If on the morning of a beemergency you realize that you will only be able to make it halfway to the absolute minium the “rational” thing to do is to not even do that because you will derail either way. This got me thinking about partial derails, when you get halfway to resolving your beemergency you only pay half your pledge. In a way this is an extrapolation of Beeminder’s philosophy of turning lumpy incentives to make lumpy progress into incremental incentives to make incremental progress. Going from pledge sized incentives and daily progress to cent sized incentives and fractions of daily progress.
Looking back at my own derailments there would have been instances where I wasn’t motivated to do everything needed to save 5 bucks because that felt overwhelming but would have done a few minutes more to save a few cents.

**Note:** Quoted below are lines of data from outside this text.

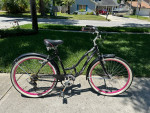 26 inch Womens Schwinn Riverside Beach Cruiser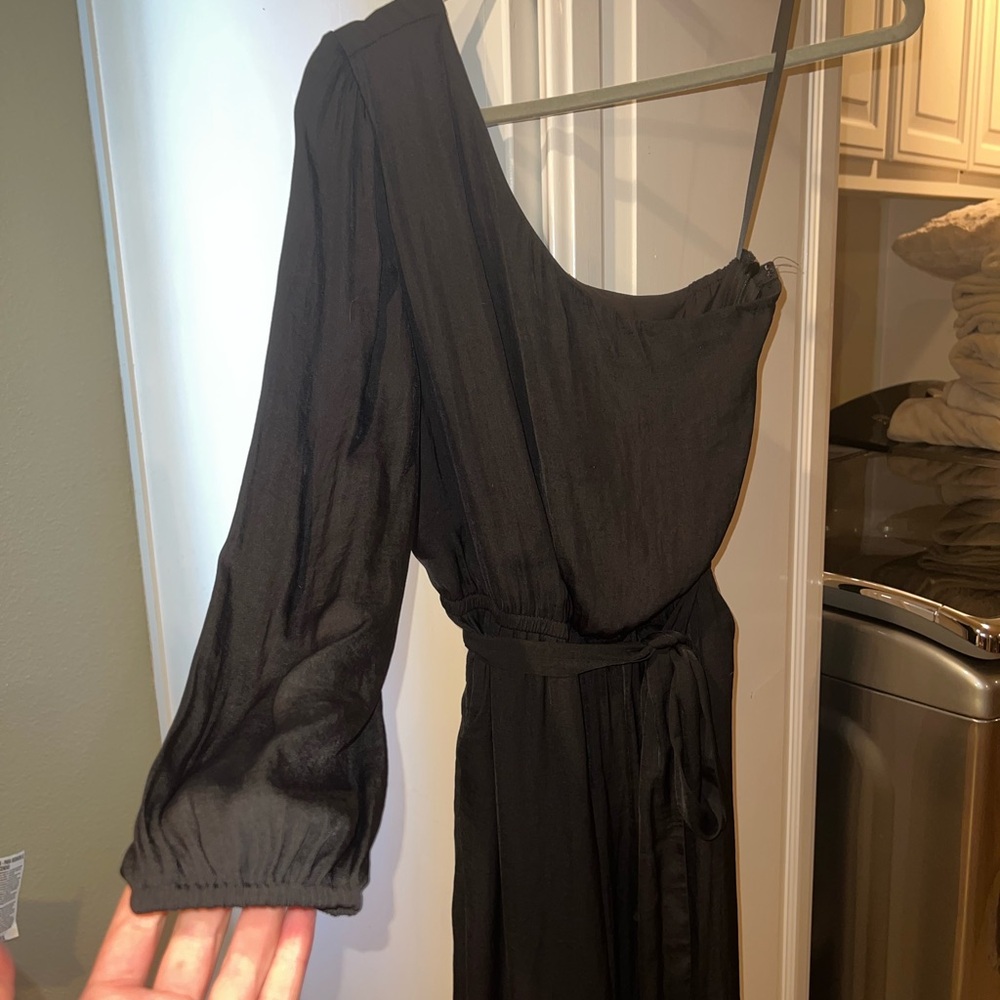 Elegant Black One-Shoulder Jumpsuit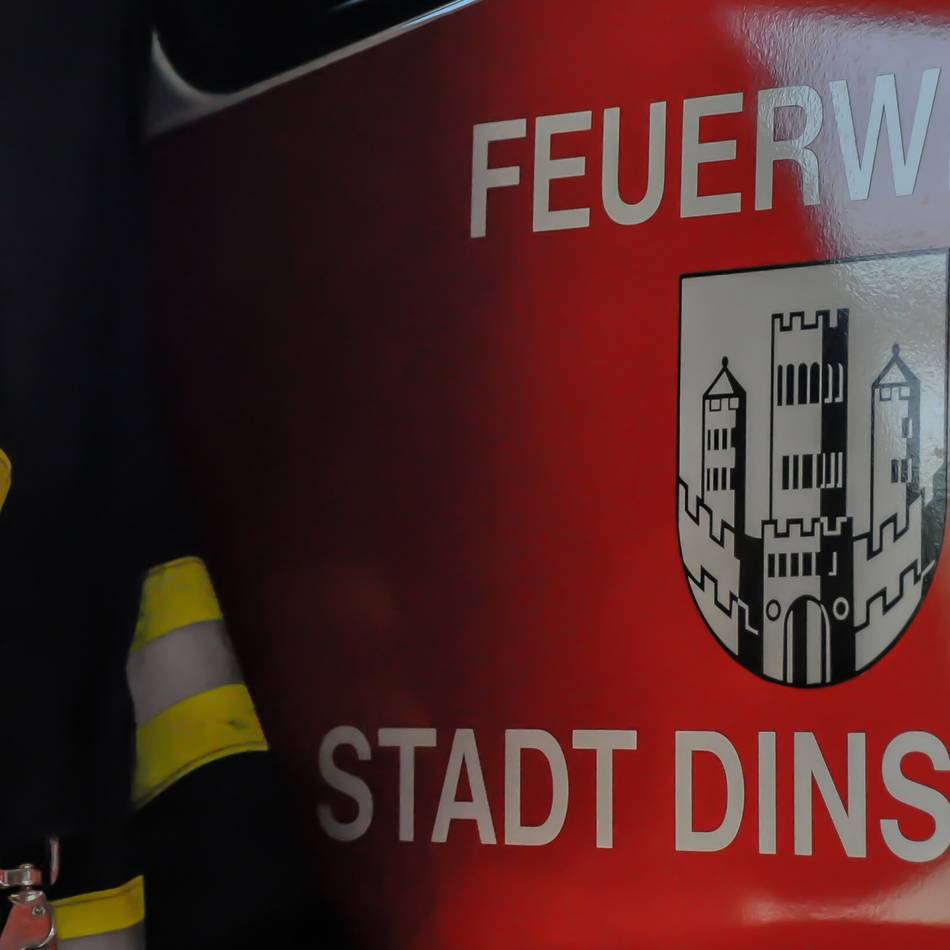 Feuerwehreinsatz in Dinslaken: Ein Verletzter bei Brand in Industriebetrieb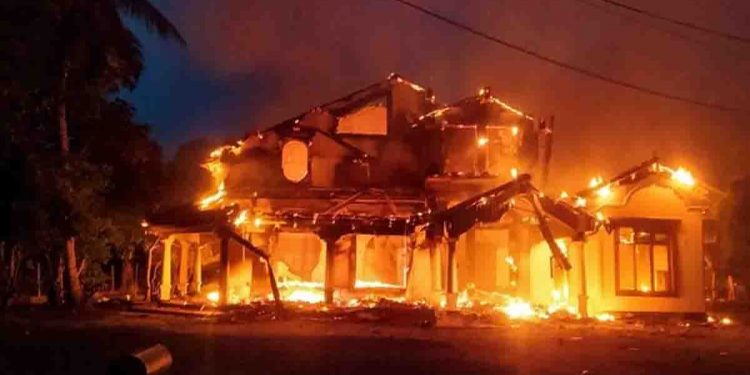කැබිනට් ඇමැතිලගෙ, රාජ්‍ය ඇමැතිලගෙ, පාර්ලිමේන්තු මන්ත්‍රීලගෙ, ප්‍රාදේශීය සභා සභාපතිලගෙ, ප්‍රාදේශීය සභා මන්ත්‍රීලගෙ, ආණ්ඩුවෙ උදව්කාරයන්ගෙ ගේදොර දේපළ පැය විසිහතරක් ඇතුළත ගිනි අරගෙන විනාශ වුණේ මෙහෙමයි…
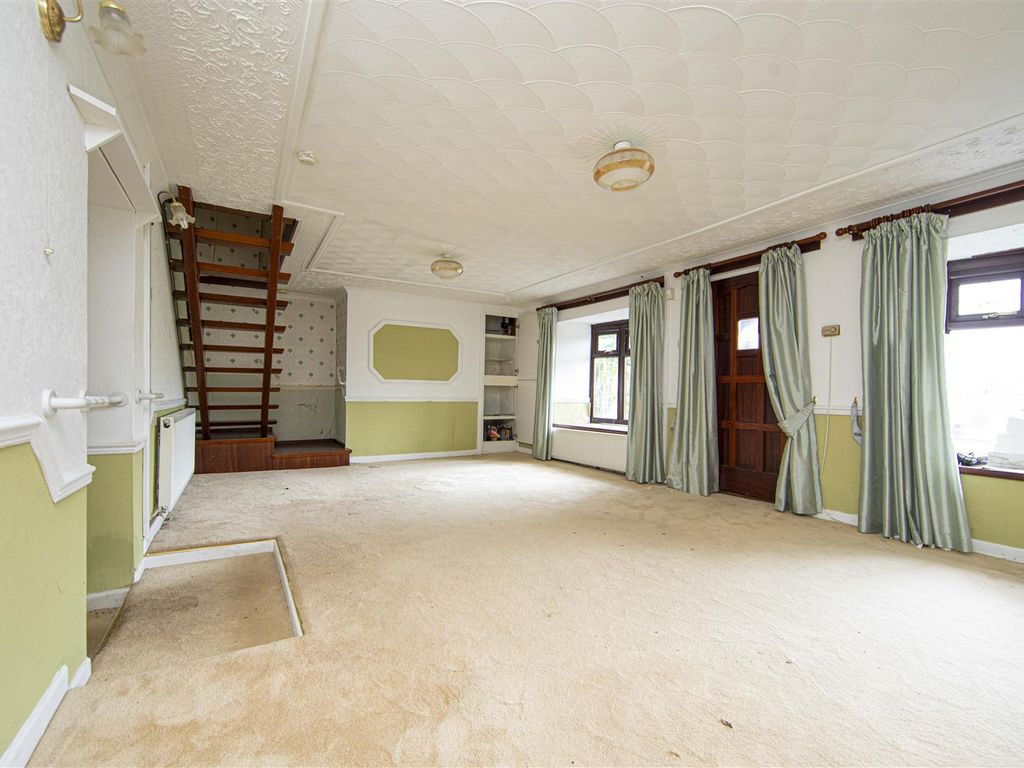 3 bed detached house for sale in Pentwyn Deintyr, Quakers Yard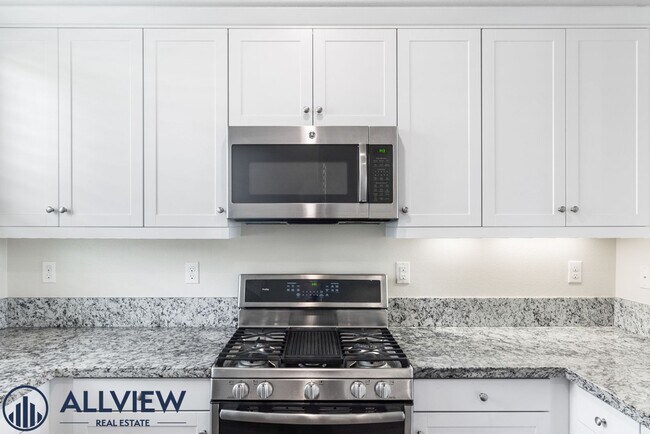 Building Photo - Modern Tri-Level Townhome with Office, 2-Car Garage & Prime Anaheim Location!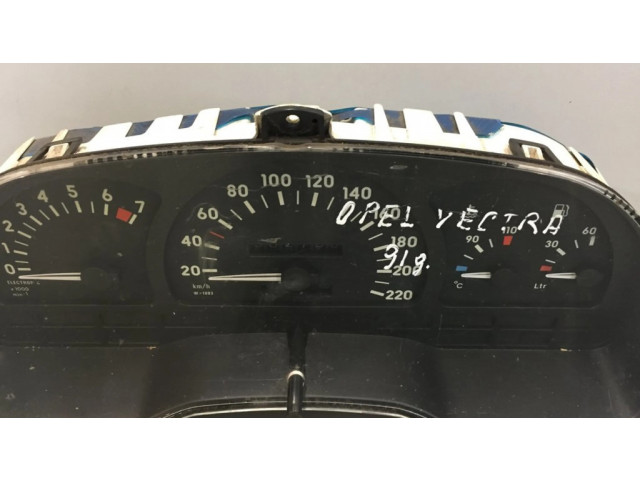 Přístrojová deska  Opel Vectra A 1989 90386326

Maybe this would even have lead to me not derailing after all by repeated application of this “just a few minutes more aren’t that bad”.
For goals with a post derail respite this would lead to the new incentive problem of do 99% of the bare min, pay 1% of the pledge, get all of the post derail respite. This can be solved by also applying the post derail respite proportionally. This might even be worth it on its own since it makes the breathing room I get after a derail more proportional to how much I struggled with the goal.
There is also the question of if this makes sense financially for Beeminder as this will on average decrease the revenue they make from a derailment. On the other hand knowing that you don’t have to pay the full pledge if you partially do the bare min might lead to more ambitious goal settings. This plus partial post derail respite would lead to more frequent derails, hopefully making it not a revenue negative feature.